I hate to dye my hair, because of the above reason...but my hair started to turn white (I'm 22), so I had to do something. Some said, it looks really cool, to have white hair at this age - something exceptional - and I can dye my hair any colour I wish (pink - well, I had blue once). But I wanted to look "natural", so tried to dye my hair back to brunette. And thanx for my hairdresser, now I am almost blonde.
So when I met my boy-friend, the first thing he asked me to stop dying my hair....so I had to tell him the reason. Now he thinks I'm kind of mad, because it must be some psychological reason of turning grey...so I should go to a doctor.
That's about hair colour and relationship.


Girlfriends Too

Post 53

Irving Washington - Gone Writing

Sid,
I guess I'm looking for a girl who is comfortable enough with her natural state to be proud of it, rather than want a hair color other than that she was born with. I people who are comfortable with who they are and are willing to do the best with what they were given. In my eyes, you can't improve on nature. Change it, yes. Improve? Never.


Girlfriends Too

Post 54

Mrs V

My aunt went white at an early age, and when my roots get long enough, you cansee my grey hairs too, its not alway psycological. When It comes through all white, I will stop dying it, cos I think It would look stunning, but otherwise it just looks dull (as in not shiny) Maybe its a family thing with you too?? I'm 21 bye the way!


Girlfriends Too

Post 55

Sidney Kidney, AKA Gruby Ben, friend of Dirty Den

He thinks your Mad cos you got a little bit of white hair!!!!

Dump him !!!!


Girlfriends Too

Post 56

Semadam

Well, it's very reasonable, what he's explaining - the link between psychological malfunction and physical effect - and he wants to help me. It's just annoying that he tries to analyse me, and make me feel kinda inferior. So I turn sometimes aggressive, and this again supports his concept. Stupid, I know. If I meet a new guy, isn't it the same story again? "I just want to help you, dear!" I hate to hear that.


Girlfriends Too

Post 57

Mrs V

easy, next time get a boyfriend not an anaylist! Most guys wouldn't think twice about the conection between trauma and hair colour, or if they did, just telling them well it runs in my family would be enough to sort them out. Of course, he's being nice and sweet and everything, but it would bug the hell out of me!! And If A man make you feel inferior, tell him! Say do you want a girlfriend or a dog.


Girlfriends Too

Post 58

Sidney Kidney, AKA Gruby Ben, friend of Dirty Den

I am now angry, I don't know why, I just am..
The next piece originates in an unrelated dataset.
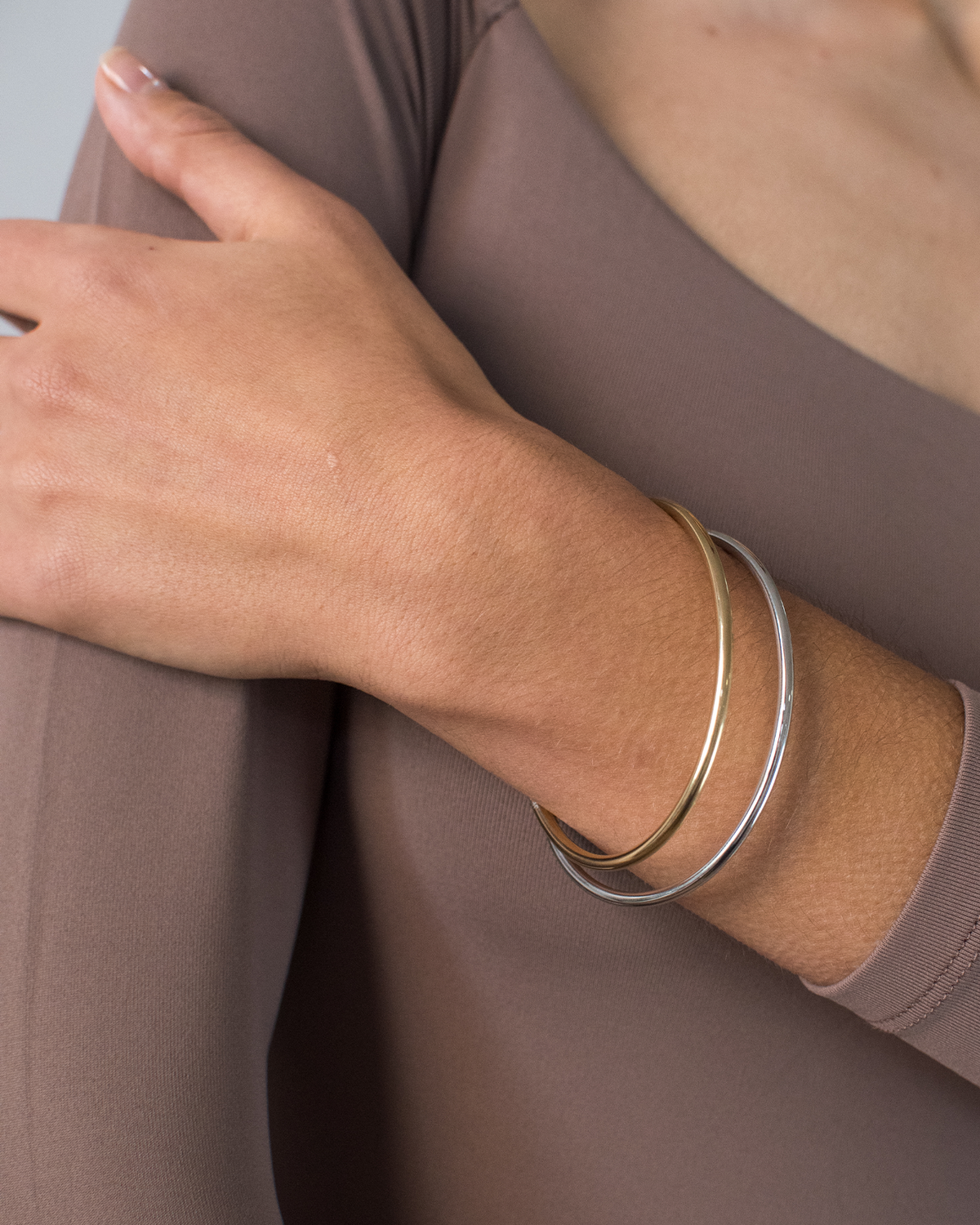 Two-tone gold and silver bangle set worn on wrist, shown in lifestyle close-up shot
It's not very reasonable for him to try and find some tenuous link between white hair and being nuts!!!


If I were a women (I'm not), and my bloke said to me what yours has said and thinks about you, I would slap him hard and knee him in the groin !!

Start to find a fault with him, I'm sure he has some. Make him feel like he makes you feel!!!!

Why I don't know, what is the world coming too !!!!

Sid the angry!!!


Girlfriends Too

Post 59

Mrs V

I spent far too long out of my life with a guy who made me feel inferior, and now when I think about it, he's definately far inferior to me! He's at my university now, they accepted him cos its photography, so his one alevel counted, ( I have one Alevel, one scottish equilant to an Alevel, an sys, and 5 highers) and I will be setting the lads on him if he even tries any of his old tricks, which he countinued with even after he left! I think I understand why you feel angry at this guy you don't even know sid, its cos you're great!
Hxx


Girlfriends Too

Post 60

Semadam

Thank you for being angry instead of me...
What is the world coming to....well, my self-confidence is continuously destroyed recently. I've got bracers, so my lips started to deformate a little which made me crazy (my lips are the only part of my body I was really "proud" of). Then this hair thingy..I know that appearance is not everything, but I still feel shitty sometimes, and this feeling is not costructive at all. I had never problems with my appearance before, so it's something new for me. Cope with it...easy to say.